The process of tissue formation and differentiation in squamous odontogenic tumor is multifactorial; Malassez remnants may underlie epithelial proliferation in lesions associated with the alveolar process while the dental lamina may be the cause of the occurrence of lesions associated with unerupted or impacted teeth (4,5).
Although SOT is more frequently solitary intraosseous lesion (central SOT), peripheral SOT and SOT-like proliferation arising in odontogenic cyst variants have also been described.
Peripheral SOT is rare and affects soft tissues producing ‘saucerization’ of underlying bone. (6)
Histologically they are typically described as mural outgrowths inside the walls of odontogenic cysts. In fact, SOT from a microscopic point of view shows large islands of benign squamous epithelium separated by a stroma of collagenous material with an outer layer of squamous cells. Some cases show calcifications both within the stroma and within the squamous islands.

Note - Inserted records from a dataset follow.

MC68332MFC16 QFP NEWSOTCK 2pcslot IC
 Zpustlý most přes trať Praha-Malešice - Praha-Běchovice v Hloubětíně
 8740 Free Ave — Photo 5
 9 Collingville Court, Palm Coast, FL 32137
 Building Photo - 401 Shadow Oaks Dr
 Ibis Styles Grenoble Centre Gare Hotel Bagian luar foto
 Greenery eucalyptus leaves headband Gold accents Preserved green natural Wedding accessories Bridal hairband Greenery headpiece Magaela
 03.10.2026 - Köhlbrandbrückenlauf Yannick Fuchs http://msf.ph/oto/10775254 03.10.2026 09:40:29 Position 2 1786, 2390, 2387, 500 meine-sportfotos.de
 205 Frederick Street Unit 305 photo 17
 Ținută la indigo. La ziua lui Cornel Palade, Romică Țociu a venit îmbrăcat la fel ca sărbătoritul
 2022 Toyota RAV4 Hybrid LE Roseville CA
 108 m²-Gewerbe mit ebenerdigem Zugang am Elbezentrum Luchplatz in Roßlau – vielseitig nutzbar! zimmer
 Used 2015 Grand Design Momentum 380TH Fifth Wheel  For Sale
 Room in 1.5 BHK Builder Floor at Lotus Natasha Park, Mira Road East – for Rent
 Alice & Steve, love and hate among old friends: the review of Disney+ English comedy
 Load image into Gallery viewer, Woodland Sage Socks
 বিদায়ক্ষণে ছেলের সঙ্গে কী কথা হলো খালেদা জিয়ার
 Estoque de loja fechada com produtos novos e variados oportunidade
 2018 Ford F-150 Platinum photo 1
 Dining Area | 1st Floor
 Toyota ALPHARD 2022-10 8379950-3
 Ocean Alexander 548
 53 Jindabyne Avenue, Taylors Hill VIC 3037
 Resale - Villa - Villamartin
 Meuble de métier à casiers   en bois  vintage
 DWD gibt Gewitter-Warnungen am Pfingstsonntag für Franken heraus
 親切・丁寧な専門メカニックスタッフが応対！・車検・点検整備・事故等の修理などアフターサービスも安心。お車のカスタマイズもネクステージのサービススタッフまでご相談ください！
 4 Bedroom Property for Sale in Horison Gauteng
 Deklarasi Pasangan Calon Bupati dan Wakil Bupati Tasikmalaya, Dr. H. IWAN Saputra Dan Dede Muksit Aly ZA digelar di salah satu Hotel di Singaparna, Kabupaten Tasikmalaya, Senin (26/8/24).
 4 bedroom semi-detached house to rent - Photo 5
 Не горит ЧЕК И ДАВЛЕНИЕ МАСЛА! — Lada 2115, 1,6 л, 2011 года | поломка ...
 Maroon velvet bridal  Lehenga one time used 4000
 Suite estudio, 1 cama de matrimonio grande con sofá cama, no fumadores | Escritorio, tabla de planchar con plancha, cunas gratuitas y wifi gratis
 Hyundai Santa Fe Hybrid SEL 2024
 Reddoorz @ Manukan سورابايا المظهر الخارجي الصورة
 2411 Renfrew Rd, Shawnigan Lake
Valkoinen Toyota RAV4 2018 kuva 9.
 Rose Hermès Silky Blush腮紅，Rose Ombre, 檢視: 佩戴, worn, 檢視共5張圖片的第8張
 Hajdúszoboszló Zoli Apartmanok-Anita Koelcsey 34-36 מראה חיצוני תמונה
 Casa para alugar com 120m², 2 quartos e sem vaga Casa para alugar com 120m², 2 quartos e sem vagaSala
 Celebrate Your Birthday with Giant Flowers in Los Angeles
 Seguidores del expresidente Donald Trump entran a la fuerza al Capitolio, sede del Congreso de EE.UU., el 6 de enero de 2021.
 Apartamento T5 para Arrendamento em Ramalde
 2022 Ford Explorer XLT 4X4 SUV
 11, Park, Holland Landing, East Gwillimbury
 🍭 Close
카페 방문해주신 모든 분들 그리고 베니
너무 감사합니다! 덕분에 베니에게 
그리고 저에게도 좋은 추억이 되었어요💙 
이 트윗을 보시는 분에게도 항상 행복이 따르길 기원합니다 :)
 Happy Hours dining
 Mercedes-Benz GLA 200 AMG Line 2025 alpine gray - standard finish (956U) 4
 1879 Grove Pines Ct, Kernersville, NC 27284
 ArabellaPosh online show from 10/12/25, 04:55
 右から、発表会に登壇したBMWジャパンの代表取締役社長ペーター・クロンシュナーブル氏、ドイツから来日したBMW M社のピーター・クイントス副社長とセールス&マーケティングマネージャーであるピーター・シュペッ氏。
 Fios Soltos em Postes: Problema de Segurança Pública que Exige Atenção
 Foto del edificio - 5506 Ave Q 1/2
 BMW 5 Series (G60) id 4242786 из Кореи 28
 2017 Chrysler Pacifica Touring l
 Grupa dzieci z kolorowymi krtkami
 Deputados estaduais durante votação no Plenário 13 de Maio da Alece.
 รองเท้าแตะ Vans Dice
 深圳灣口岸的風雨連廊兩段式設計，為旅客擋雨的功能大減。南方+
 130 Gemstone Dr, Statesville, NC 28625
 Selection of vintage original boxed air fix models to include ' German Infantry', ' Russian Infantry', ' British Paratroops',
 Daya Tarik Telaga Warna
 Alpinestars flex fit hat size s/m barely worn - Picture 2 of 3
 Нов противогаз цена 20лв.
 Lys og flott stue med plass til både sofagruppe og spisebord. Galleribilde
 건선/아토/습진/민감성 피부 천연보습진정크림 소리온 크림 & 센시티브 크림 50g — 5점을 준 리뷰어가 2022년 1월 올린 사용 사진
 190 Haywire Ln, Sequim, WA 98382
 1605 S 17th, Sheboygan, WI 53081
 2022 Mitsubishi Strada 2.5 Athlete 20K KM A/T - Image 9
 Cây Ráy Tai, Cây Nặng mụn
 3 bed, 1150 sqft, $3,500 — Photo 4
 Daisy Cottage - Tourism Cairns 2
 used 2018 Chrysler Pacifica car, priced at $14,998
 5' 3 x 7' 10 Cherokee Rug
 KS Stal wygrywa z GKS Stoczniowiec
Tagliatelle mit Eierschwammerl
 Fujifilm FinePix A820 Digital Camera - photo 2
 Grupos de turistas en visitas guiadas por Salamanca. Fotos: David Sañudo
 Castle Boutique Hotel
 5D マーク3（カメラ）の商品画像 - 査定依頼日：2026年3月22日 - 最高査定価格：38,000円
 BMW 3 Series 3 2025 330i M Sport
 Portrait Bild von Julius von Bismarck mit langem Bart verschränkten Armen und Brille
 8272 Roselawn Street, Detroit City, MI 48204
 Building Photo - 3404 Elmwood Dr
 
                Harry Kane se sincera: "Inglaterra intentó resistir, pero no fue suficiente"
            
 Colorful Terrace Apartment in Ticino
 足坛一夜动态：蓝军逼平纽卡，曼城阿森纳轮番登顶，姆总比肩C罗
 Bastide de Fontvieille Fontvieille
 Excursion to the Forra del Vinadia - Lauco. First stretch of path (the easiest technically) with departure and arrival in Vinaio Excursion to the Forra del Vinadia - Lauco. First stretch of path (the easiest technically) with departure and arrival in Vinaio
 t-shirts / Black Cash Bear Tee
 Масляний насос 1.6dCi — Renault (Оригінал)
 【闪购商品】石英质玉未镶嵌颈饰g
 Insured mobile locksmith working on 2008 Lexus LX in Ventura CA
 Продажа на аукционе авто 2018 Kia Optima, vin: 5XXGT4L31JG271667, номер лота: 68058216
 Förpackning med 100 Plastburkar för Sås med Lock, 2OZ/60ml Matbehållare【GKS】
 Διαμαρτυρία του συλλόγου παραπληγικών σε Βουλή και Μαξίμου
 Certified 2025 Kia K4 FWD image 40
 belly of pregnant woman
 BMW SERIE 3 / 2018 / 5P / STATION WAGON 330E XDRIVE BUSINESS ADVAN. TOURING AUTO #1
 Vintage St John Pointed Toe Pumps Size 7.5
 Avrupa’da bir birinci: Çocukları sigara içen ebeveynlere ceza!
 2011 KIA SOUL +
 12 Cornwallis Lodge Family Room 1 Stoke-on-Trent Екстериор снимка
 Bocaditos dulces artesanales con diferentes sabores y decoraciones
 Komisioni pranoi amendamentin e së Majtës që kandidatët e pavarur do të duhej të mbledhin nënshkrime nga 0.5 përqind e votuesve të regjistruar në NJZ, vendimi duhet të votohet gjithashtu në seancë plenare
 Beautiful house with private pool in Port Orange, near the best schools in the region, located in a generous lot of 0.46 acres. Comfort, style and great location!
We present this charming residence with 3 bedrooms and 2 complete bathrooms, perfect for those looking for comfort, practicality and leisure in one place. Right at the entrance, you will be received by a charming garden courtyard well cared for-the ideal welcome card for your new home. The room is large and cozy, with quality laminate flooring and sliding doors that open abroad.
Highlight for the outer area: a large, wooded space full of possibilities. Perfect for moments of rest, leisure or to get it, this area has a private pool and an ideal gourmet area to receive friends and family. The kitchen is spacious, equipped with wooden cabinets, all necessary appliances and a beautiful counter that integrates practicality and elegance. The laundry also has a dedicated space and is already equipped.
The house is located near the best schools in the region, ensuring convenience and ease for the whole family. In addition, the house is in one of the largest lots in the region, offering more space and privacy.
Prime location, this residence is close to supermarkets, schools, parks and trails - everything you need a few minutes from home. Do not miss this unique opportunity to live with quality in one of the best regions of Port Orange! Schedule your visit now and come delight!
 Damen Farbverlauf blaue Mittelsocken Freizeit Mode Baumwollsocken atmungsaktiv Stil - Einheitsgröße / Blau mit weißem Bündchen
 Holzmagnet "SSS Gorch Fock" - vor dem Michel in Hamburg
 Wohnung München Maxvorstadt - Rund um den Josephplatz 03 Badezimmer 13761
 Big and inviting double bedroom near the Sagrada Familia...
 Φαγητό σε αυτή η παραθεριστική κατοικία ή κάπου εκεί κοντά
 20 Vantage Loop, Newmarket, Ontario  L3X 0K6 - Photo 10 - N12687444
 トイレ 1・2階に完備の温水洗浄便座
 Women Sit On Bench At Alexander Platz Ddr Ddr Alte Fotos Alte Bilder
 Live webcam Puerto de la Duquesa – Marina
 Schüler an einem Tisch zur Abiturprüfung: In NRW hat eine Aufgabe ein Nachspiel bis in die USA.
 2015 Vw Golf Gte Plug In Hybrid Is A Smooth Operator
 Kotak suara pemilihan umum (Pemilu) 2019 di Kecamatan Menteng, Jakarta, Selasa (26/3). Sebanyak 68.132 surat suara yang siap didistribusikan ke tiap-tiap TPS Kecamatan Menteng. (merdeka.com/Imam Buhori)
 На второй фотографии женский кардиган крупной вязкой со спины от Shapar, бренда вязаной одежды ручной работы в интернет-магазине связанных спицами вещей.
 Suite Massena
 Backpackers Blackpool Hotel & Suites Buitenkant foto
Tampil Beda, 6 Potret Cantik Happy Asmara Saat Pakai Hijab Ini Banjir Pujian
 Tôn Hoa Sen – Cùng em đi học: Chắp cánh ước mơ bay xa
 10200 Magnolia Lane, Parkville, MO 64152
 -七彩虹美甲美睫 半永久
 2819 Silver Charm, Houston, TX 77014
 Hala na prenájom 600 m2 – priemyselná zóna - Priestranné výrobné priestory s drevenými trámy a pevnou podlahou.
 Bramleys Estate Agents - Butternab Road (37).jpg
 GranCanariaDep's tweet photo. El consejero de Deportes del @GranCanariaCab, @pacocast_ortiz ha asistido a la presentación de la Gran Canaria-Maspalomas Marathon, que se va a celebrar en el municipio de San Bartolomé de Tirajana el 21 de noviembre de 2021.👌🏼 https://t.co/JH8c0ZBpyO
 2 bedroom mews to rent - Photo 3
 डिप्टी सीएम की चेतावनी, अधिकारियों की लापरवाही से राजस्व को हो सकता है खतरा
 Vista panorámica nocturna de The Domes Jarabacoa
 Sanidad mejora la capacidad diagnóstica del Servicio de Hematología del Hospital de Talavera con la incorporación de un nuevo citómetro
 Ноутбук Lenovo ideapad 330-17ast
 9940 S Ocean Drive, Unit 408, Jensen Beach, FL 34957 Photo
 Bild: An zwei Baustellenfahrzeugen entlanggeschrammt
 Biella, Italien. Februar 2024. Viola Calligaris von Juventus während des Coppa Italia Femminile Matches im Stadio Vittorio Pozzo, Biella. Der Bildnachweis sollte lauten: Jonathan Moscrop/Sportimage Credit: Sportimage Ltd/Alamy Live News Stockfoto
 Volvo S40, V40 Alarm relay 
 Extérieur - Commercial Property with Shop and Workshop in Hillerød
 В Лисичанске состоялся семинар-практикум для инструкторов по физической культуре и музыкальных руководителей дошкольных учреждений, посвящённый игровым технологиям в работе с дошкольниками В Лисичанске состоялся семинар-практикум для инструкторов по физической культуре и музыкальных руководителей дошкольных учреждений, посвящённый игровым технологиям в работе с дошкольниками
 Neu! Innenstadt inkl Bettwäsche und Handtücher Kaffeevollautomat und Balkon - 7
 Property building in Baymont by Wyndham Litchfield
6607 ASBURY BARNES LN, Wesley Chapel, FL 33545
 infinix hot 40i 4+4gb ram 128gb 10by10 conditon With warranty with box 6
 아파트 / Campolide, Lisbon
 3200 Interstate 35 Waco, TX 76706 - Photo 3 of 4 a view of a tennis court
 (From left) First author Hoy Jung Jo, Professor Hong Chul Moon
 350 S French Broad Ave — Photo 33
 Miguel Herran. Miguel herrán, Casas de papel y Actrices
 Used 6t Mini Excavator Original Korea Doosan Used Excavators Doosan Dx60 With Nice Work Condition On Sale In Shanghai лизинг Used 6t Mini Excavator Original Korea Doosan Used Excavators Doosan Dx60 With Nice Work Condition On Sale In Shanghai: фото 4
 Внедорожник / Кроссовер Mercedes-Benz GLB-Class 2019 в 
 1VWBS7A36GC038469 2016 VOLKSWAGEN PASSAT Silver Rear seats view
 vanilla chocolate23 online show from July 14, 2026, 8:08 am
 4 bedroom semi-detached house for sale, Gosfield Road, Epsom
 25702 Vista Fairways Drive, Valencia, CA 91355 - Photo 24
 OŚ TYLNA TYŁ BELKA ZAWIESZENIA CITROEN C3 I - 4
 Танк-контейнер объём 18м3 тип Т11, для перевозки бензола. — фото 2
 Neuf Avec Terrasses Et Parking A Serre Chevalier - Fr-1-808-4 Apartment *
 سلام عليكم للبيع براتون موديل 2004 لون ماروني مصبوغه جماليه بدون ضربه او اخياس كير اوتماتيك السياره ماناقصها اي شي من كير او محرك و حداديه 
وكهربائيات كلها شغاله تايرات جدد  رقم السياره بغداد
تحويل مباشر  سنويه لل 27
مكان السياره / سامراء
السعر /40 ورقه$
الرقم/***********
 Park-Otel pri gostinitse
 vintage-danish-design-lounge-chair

These islands may undergo cystic degeneration over time. (7, 8, 9)
The usual treatment is enucleation of the lesion with appropriate curettage of the affected site. Only one case of malignant transformation of intraosseous SOT at the mandibular level has been described in the literature, and cases of recurrence are also quite rare.
Clinical signs typically reported are asymptomatic swelling associated with tooth mobility and bone resorption. Diagnosis is made primarily during routine radiographic examinations in which predominantly unilocular radiolucency is evident although cases of SOT with a multilocular appearance have been described in the literature. Radiographically appearing with a triangular shape between the roots of the teeth, the treatment of election is surgical excision with curettage of the surgical site.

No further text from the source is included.